Yara Ruth Wray tiene 17 años y vive en Cahuita. Conoció el Centro a través de una amiga y empezó a ir en 2018. “Al inicio sí sentí demasiado miedo, porque tenía miedo de bajar y no respirar; pero me explicaron que con calma, que estuviera tranquila porque estaba con el tanque”, contó.

“Me gusta lo que hace el Centro porque trata de incluir mucho a las personas de la zona”, dijo la joven que piensa estudiar biología marina. “Realmente he visto que a las mujeres les da como susto meterse en cosas así y se apartan un poco, y el Centro ha tratado de incluir mucho a las mujeres”, destacó Wray.

Se muestra un ancla ubicada en el Parque Nacional Cahuita. (Foto: Cortesía CCB).

Cartografía comunitaria

El Centro ha sido apoyado por especialistas del Programa Marítimo de la Universidad de Carolina del Este y la UCR, entre otros arqueólogos, antropólogos y biólogos marinos.

Arturo Hernández es un arqueólogo terrestre formado en la UCR, que literalmente fue “pasado por agua” cuando empezó a dar talleres de georeferenciación, sistemas de información geográfica y arqueología a los jóvenes del Centro, en 2019. Al mismo tiempo, aprendió a bucear con ellos.

Hernández además desarrolló una cartografía comunitaria de recursos arqueológicos marinos, como parte del proyecto de Acción Social de Marianita Harvey. Sobre esto, enfatizó en que: “fue un reto”.

Hicimos una georeferenciación de todos los recursos arqueológicos que tiene el mar, para presentarlo a nivel de mapas; pero además es una arqueología participativa, no es un arqueólogo el que hace el inventario, sino que es un arqueólogo y actores de la comunidad. Los jóvenes mismos están haciendo la investigación y se identifican con el patrimonio que van identificando”, explicó a UNIVERSIDAD.
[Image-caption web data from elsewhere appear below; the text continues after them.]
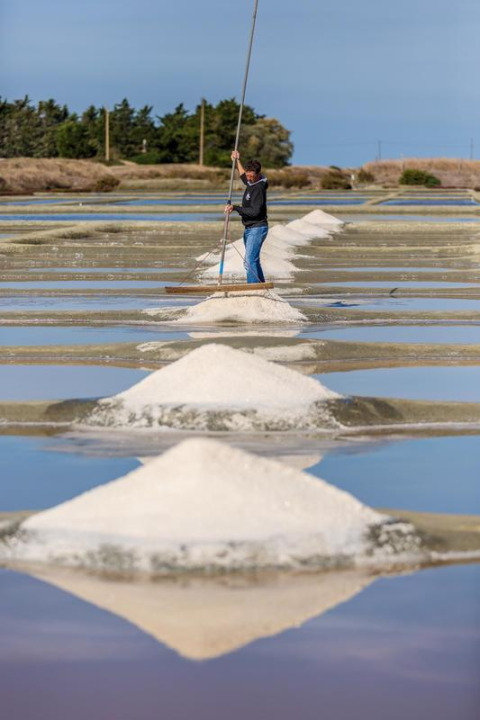 A worker piles salt into mounds at salt pans in Flower Camping Au Bois Des Biches, Pays de la Loire, France.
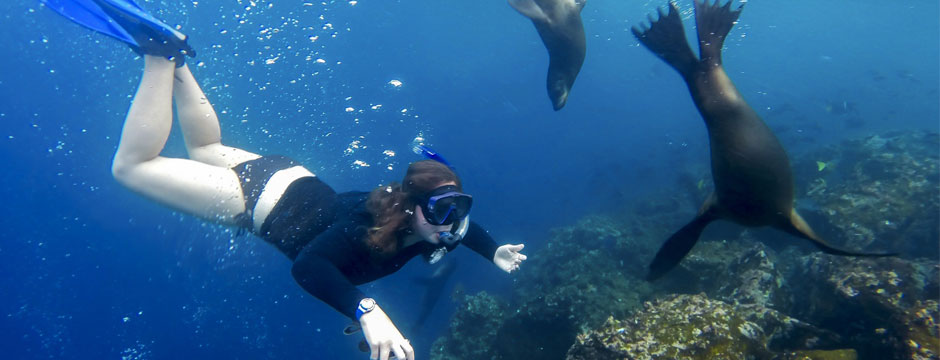 Galápagos Ilhas do Norte - Navio Santa Cruz II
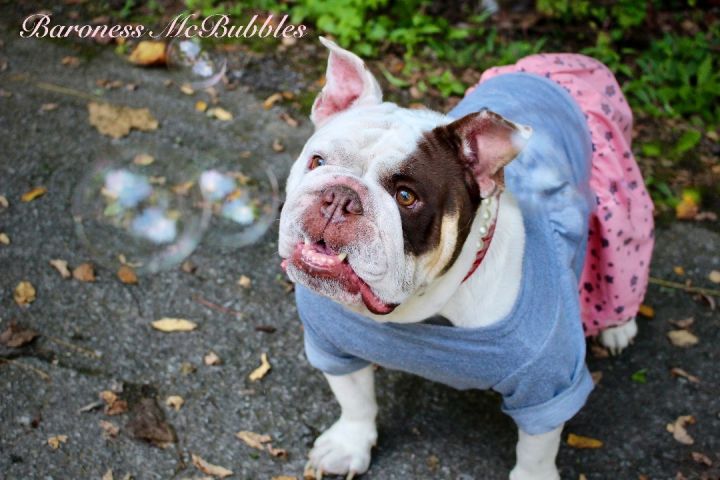 Baroness McBubbles, an adopted English Bulldog in Sevierville, TN_image-1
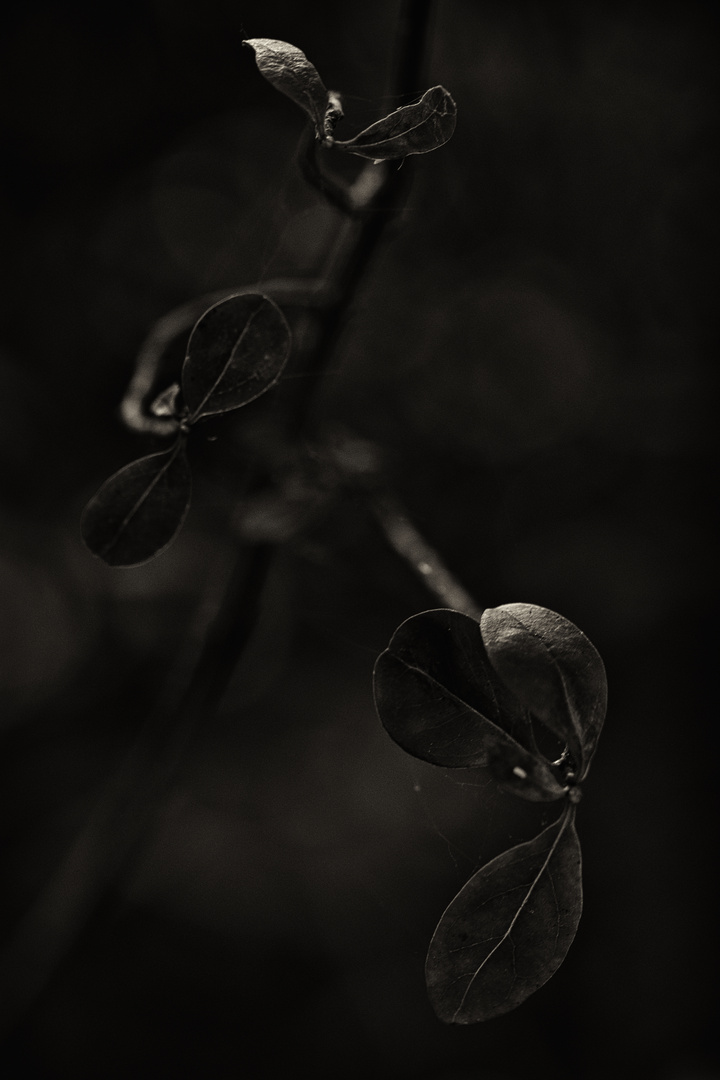 aus dem Dunkel Foto & Bild | fotokunst, monochrome fine ...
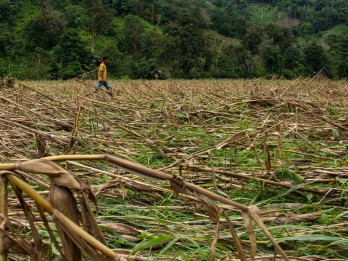 Alarm Komoditas Pangan dari Gagal Panen Gula dan Jagung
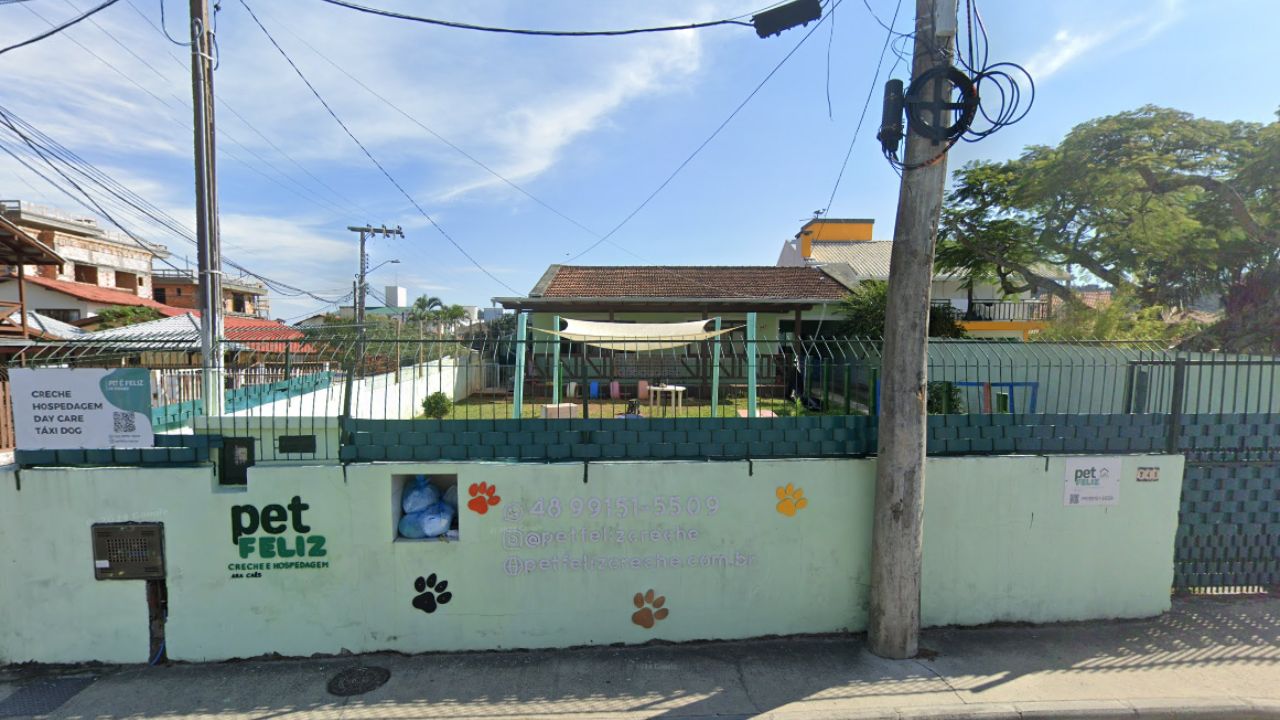 pet-feliz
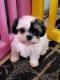 Cavachon Puppies for sale in Warren, MI, USA. price: $950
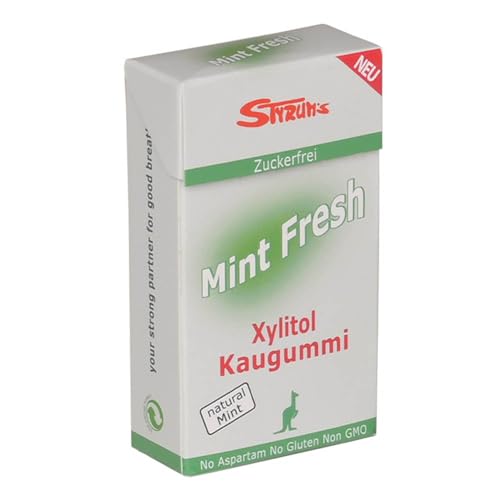Styrum`s Bio Mint Fresh Zahnpflege Kaugummi (24 x 33 gr)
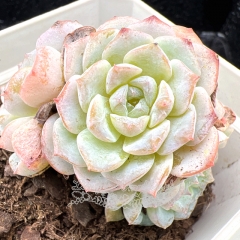 Real & Unique | Echeveria 'ice soul' - 'Snowy'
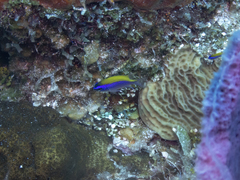 Chromis insolata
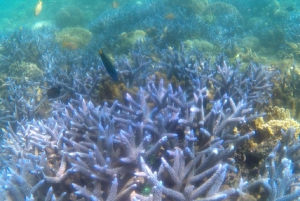 Zuidwestelijk Geheim Gili,Gili Layar,Gili Gede&Gili Rengit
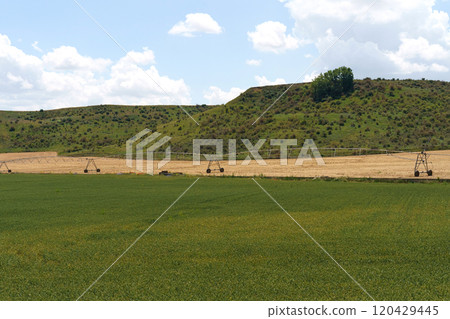 Water irrigation equipment ready for use, standing in the field Water irrigation equipment ready for use, standing in the field 120429445
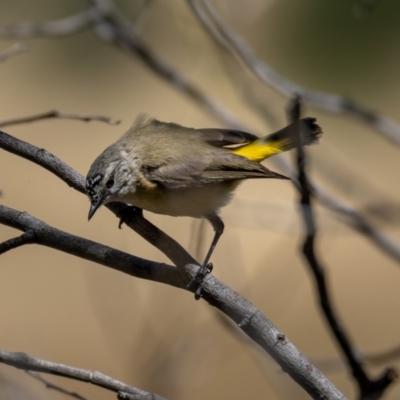Acanthiza chrysorrhoa (Yellow-rumped Thornbill) at Forde, ACT - 20 Jan 2021 by trevsci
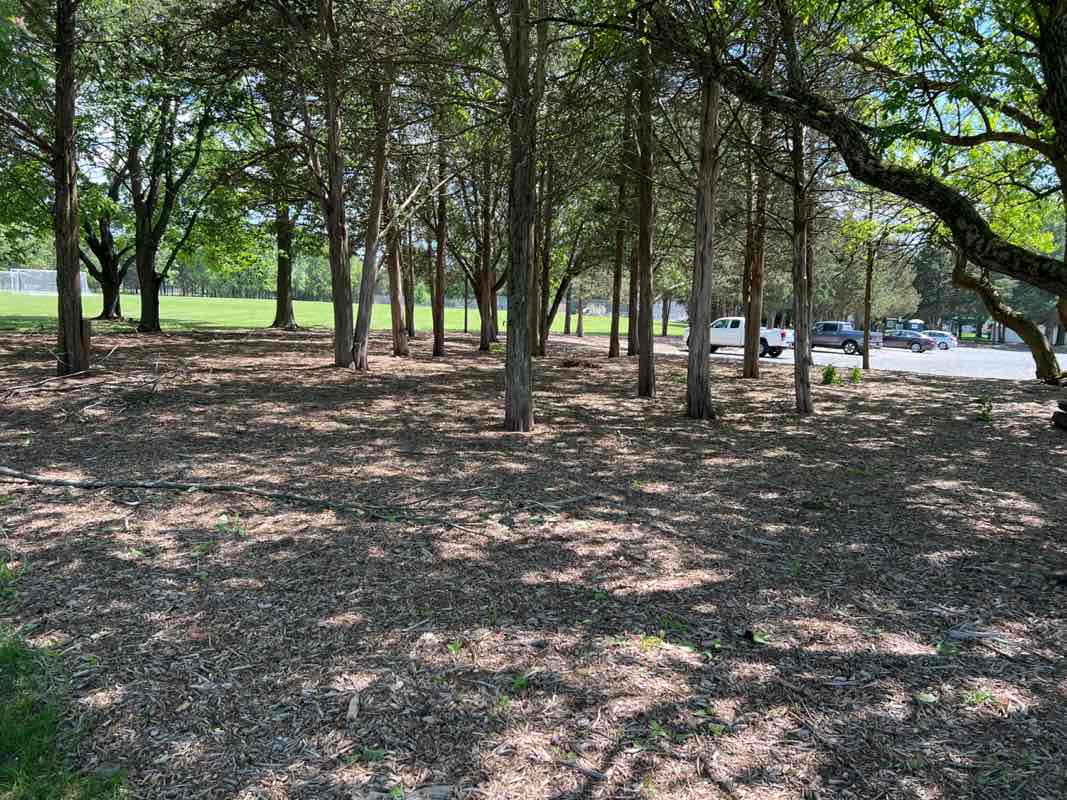 walking near me in Woodfield Park in spring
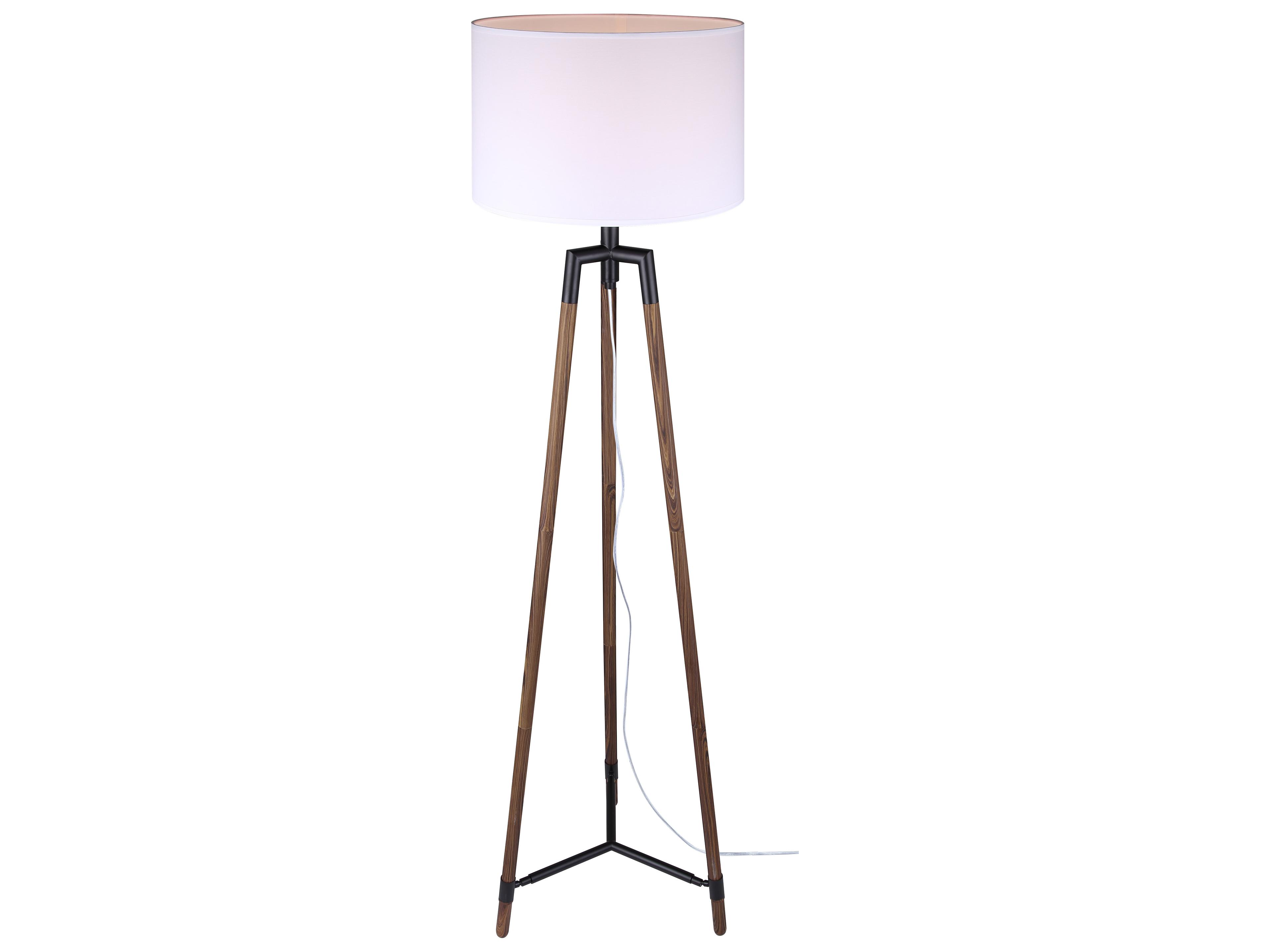Cameram Black Floor Lamp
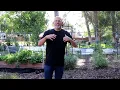 A Quick Tour of Lee's Beautiful Utah Garden! 🌱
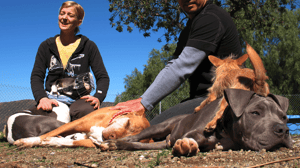 Dog Whisperer with Cesar Millan, Season 4 Episode 28 image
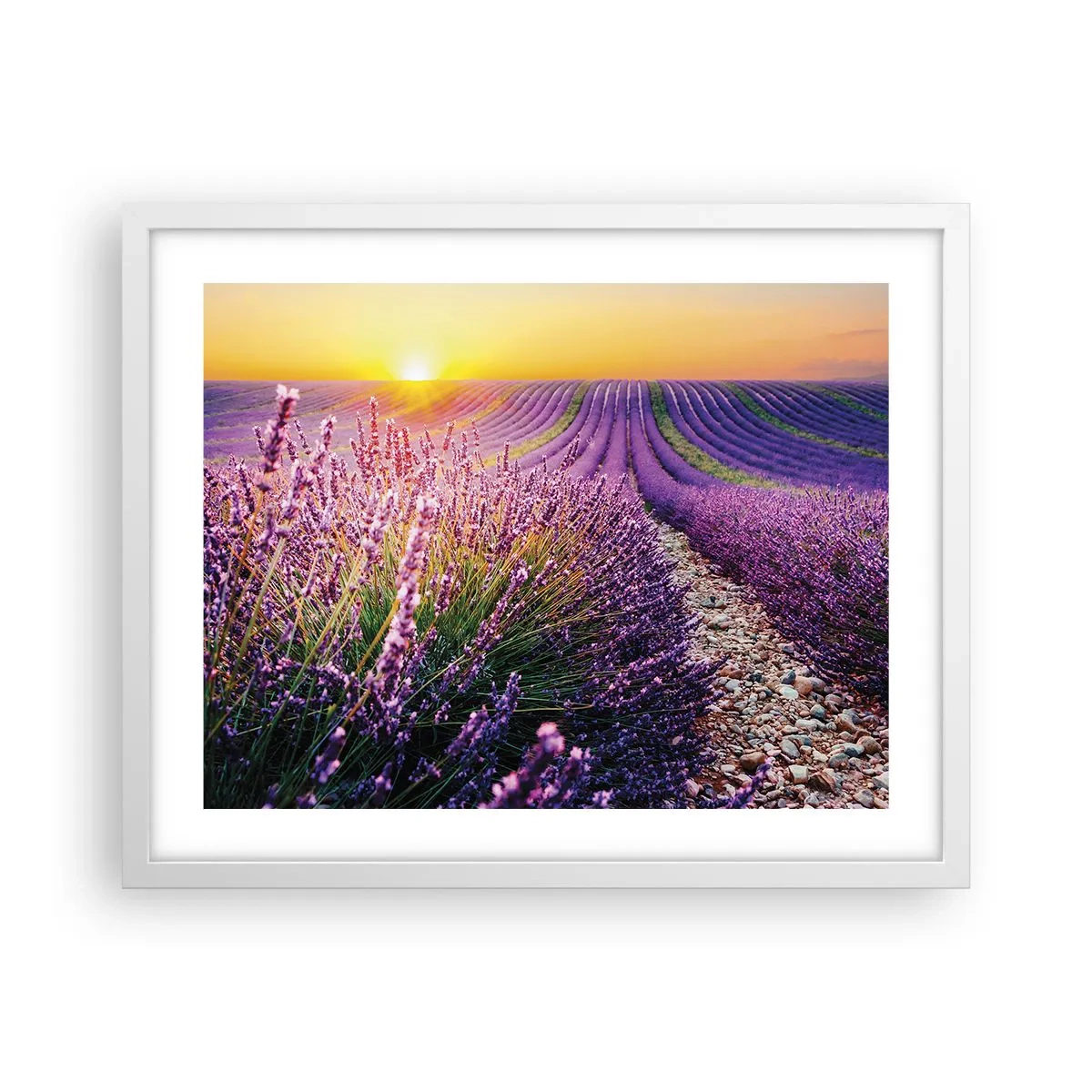 Plakat i hvid ramme - Duftende plet - 50x40 cm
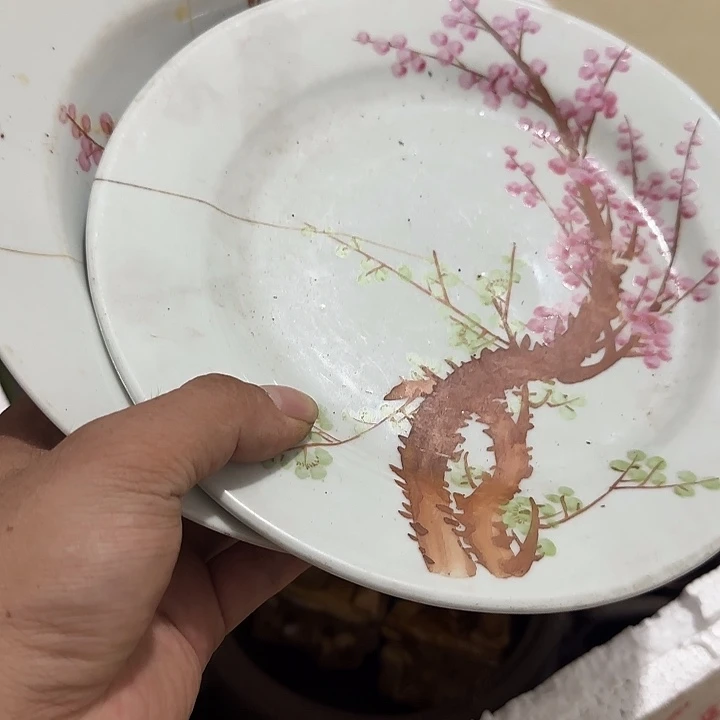 御***树扇子吃v宝贝宝贝宝贝宝贝宝贝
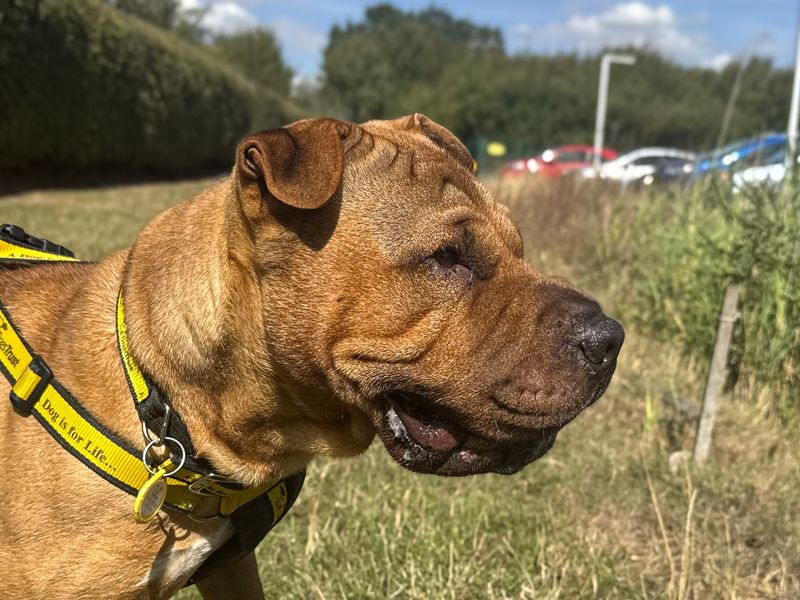 Charles | Shar Pei | Basildon (Essex) - 6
Para él es una forma de fortalecer la identidad comunitaria local y desde un punto de vista político es una herramienta con función social.

La vida del Centro cobra especial relevancia en la actualidad, ya que en 2018 el Estado costarricense ratificó la Convención de la Unesco para la Protección del Patrimonio Subacuático, que obliga a involucrar a las comunidades. Esta ratificación forma parte del ordenamiento jurídico como la Ley 9500.

Según la Convención, “por patrimonio cultural subacuático se entiende todos los rastros de existencia humana que tengan un carácter cultural, histórico arqueológico, que hayan estado bajo el agua, parcial o totalmente, de forma periódica o continua, por lo menos durante 100 años” y este patrimonio incluye la evidencia cultural que se encuentre bajo las aguas de los océanos, lagos, ríos, manglares y zonas pantanosas.

Actualmente un Comité está elaborando una propuesta de Reglamento, que será sometida a consulta ciudadana antes de ser adoptada por las autoridades competentes.

El Centro presentó ante el Comité una propuesta para que se reconozca la gestión comunitaria en el conocimiento, documentación, preservación y diseminación del patrimonio cultural subacuático en Costa Rica.